> _Problem statement_
Could you retype the lines below, starting at the line holding "Woody Guthrie mural in Okemah, Oklahoma" and stopping at the line holding "ДТП с участием машины скорой помощи в Омске", inclusive? Copy them exactly and drop the images.

> _Material provided_
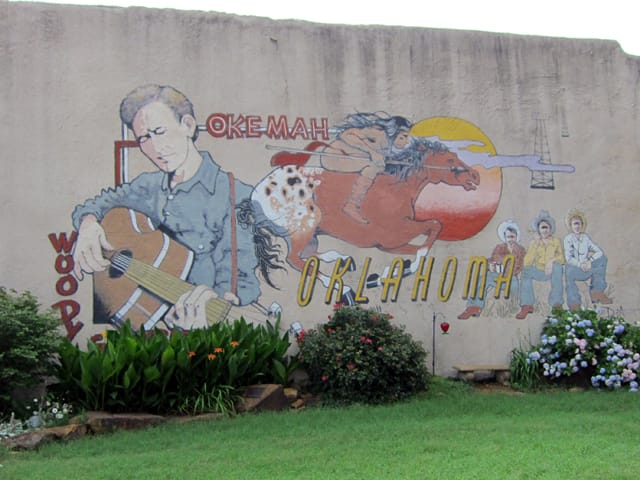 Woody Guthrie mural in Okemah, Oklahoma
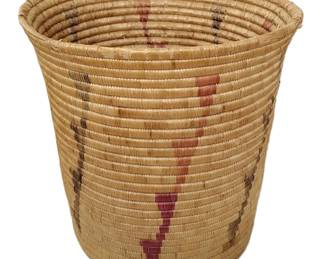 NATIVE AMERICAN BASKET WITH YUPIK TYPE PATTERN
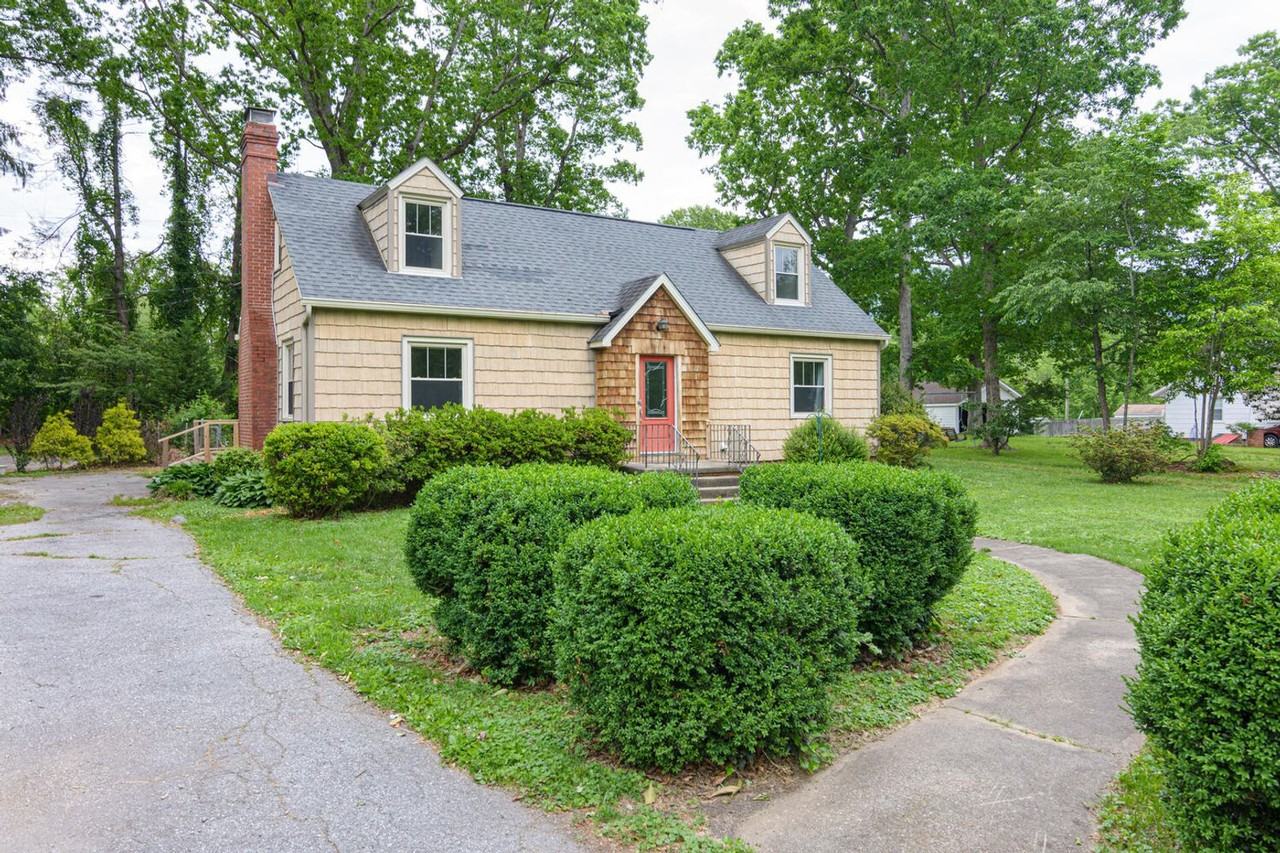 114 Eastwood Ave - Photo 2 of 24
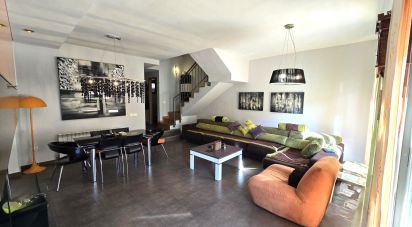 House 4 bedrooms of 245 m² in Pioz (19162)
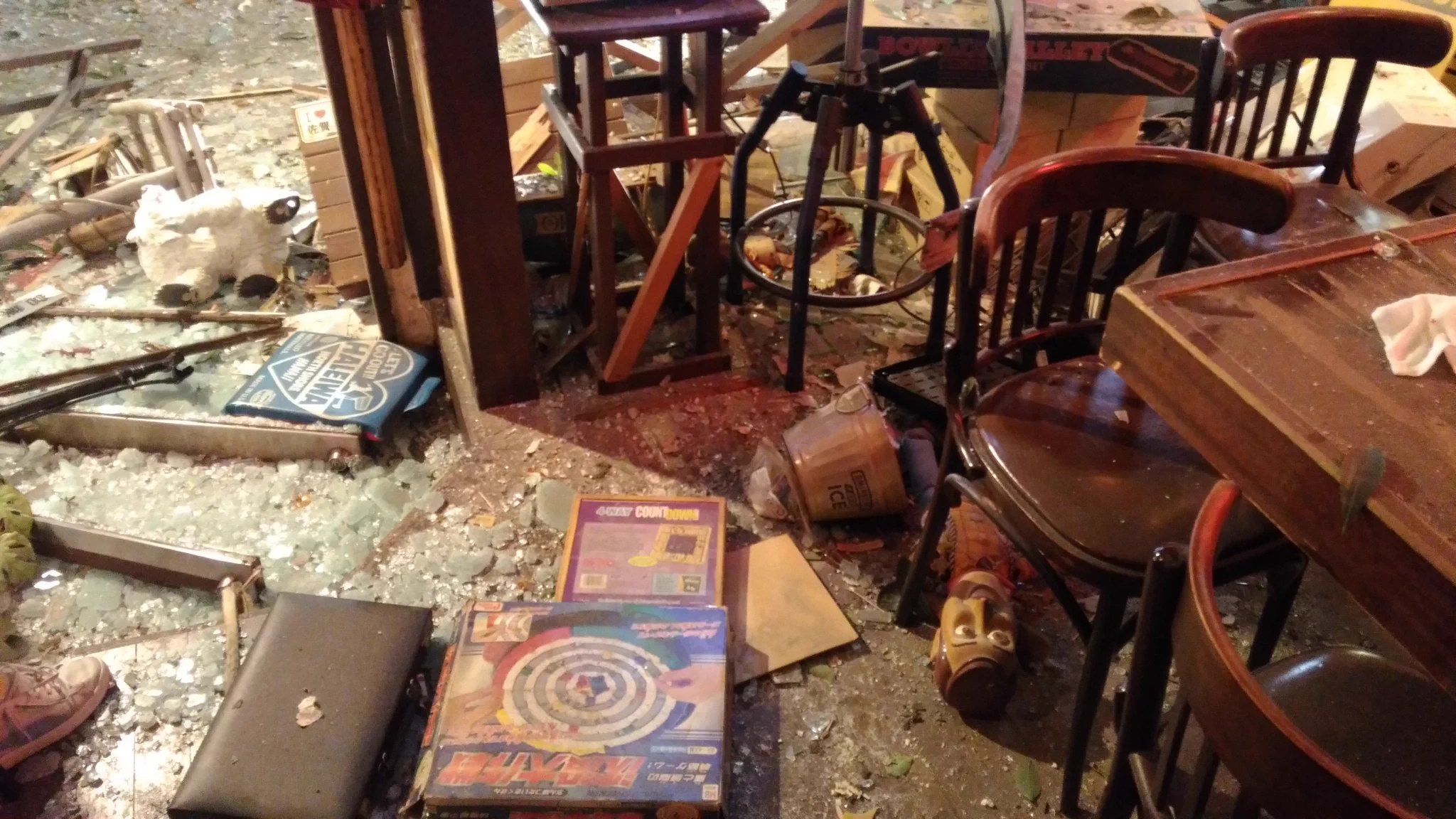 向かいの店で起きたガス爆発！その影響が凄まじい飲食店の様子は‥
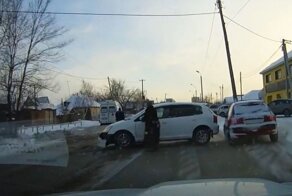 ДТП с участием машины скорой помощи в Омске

* * *

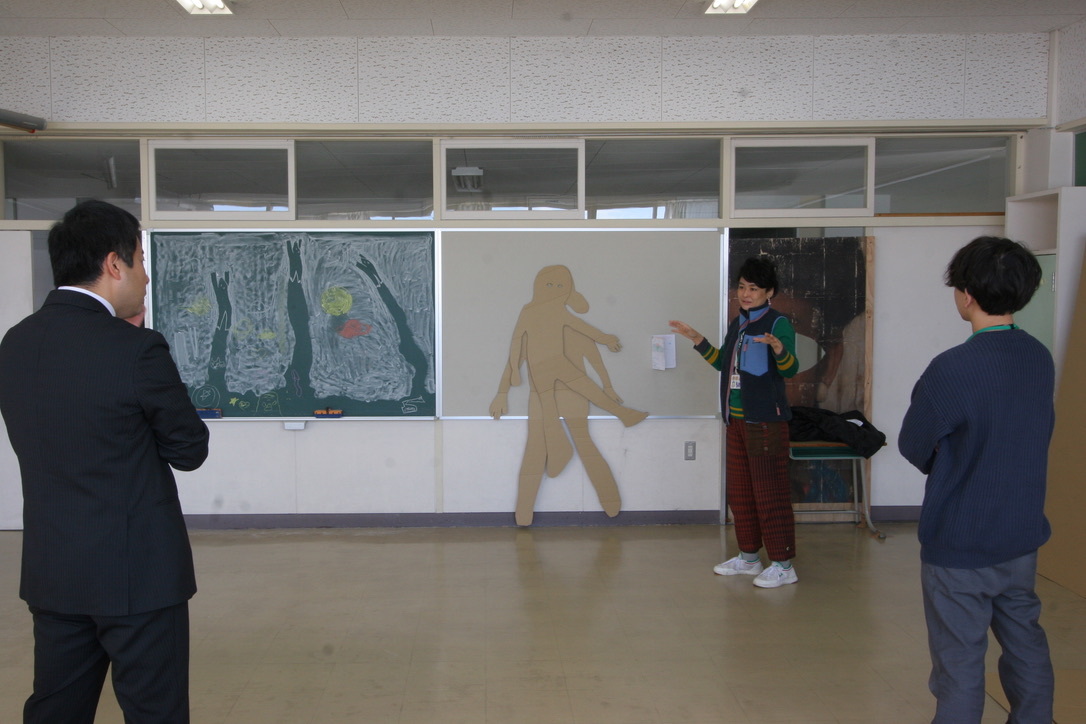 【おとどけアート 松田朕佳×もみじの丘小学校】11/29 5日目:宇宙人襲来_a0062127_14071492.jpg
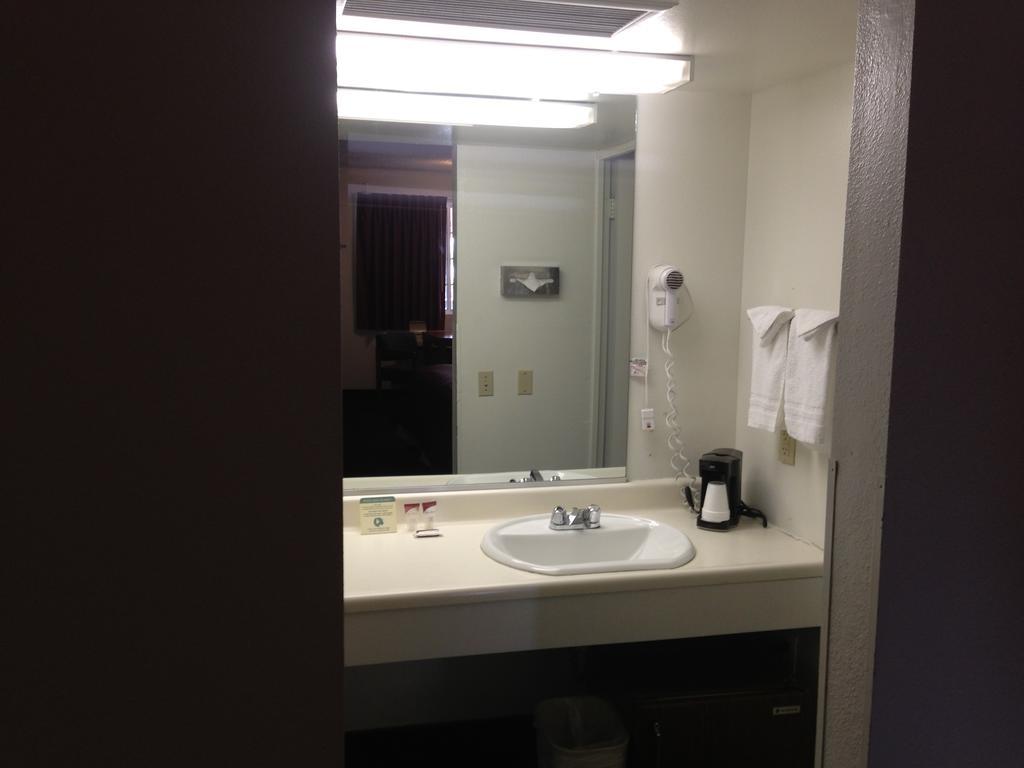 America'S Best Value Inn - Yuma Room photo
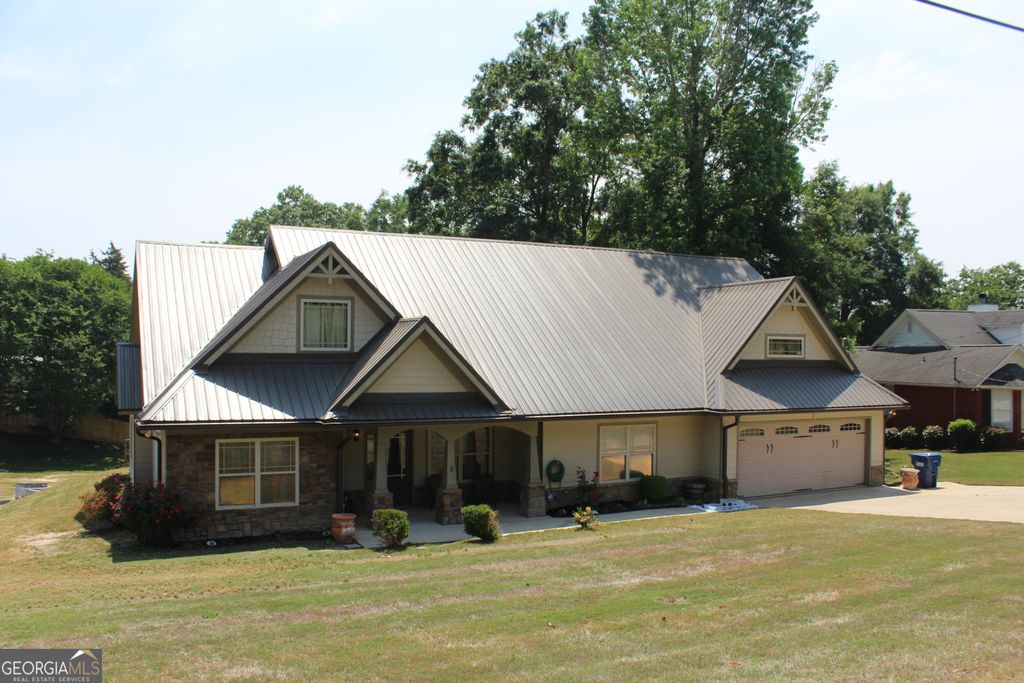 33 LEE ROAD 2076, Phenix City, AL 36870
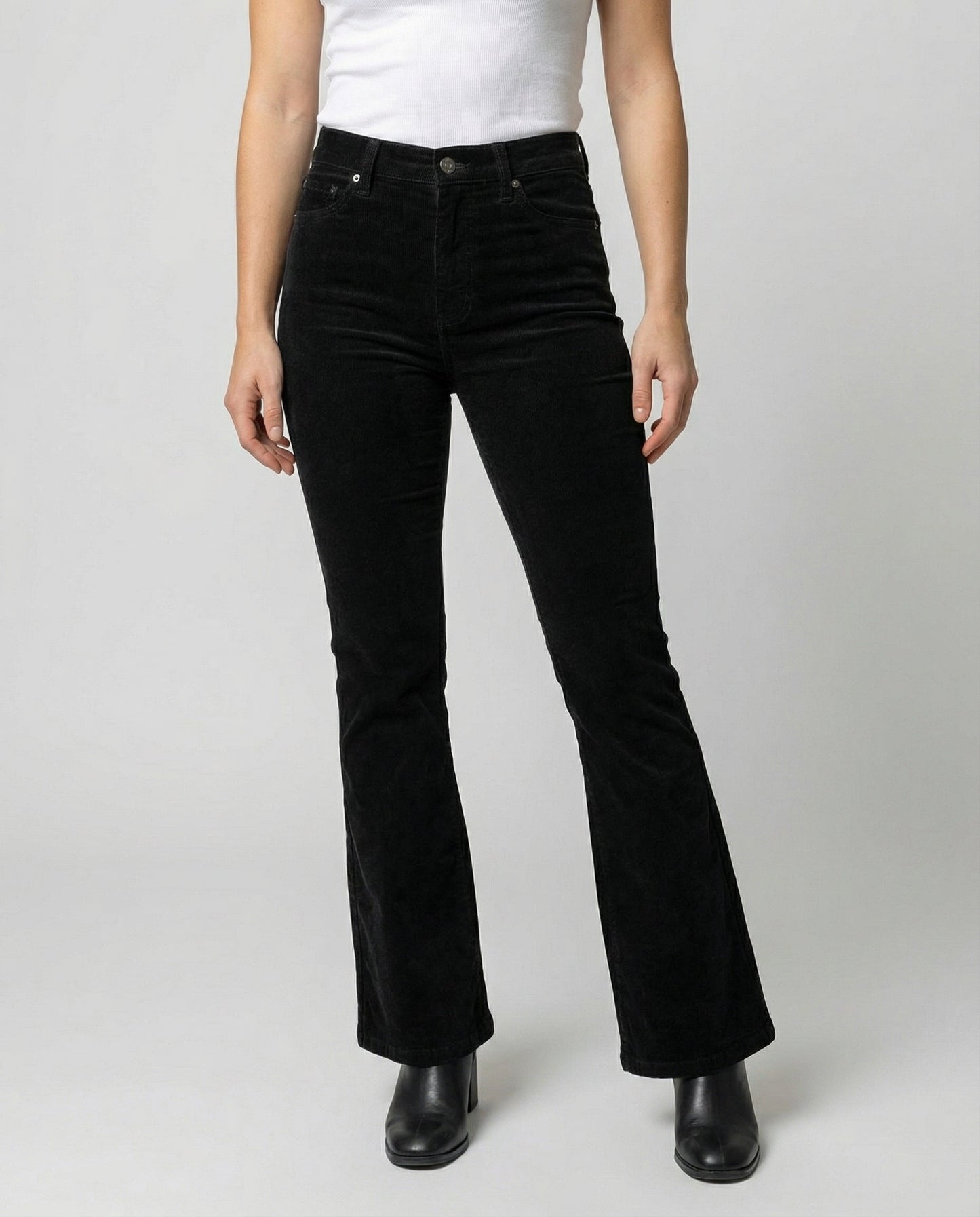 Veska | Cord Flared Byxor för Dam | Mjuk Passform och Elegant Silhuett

> _Expected answer_
 Woody Guthrie mural in Okemah, Oklahoma
 NATIVE AMERICAN BASKET WITH YUPIK TYPE PATTERN
 114 Eastwood Ave - Photo 2 of 24
 House 4 bedrooms of 245 m² in Pioz (19162)
 向かいの店で起きたガス爆発！その影響が凄まじい飲食店の様子は‥
 ДТП с участием машины скорой помощи в Омске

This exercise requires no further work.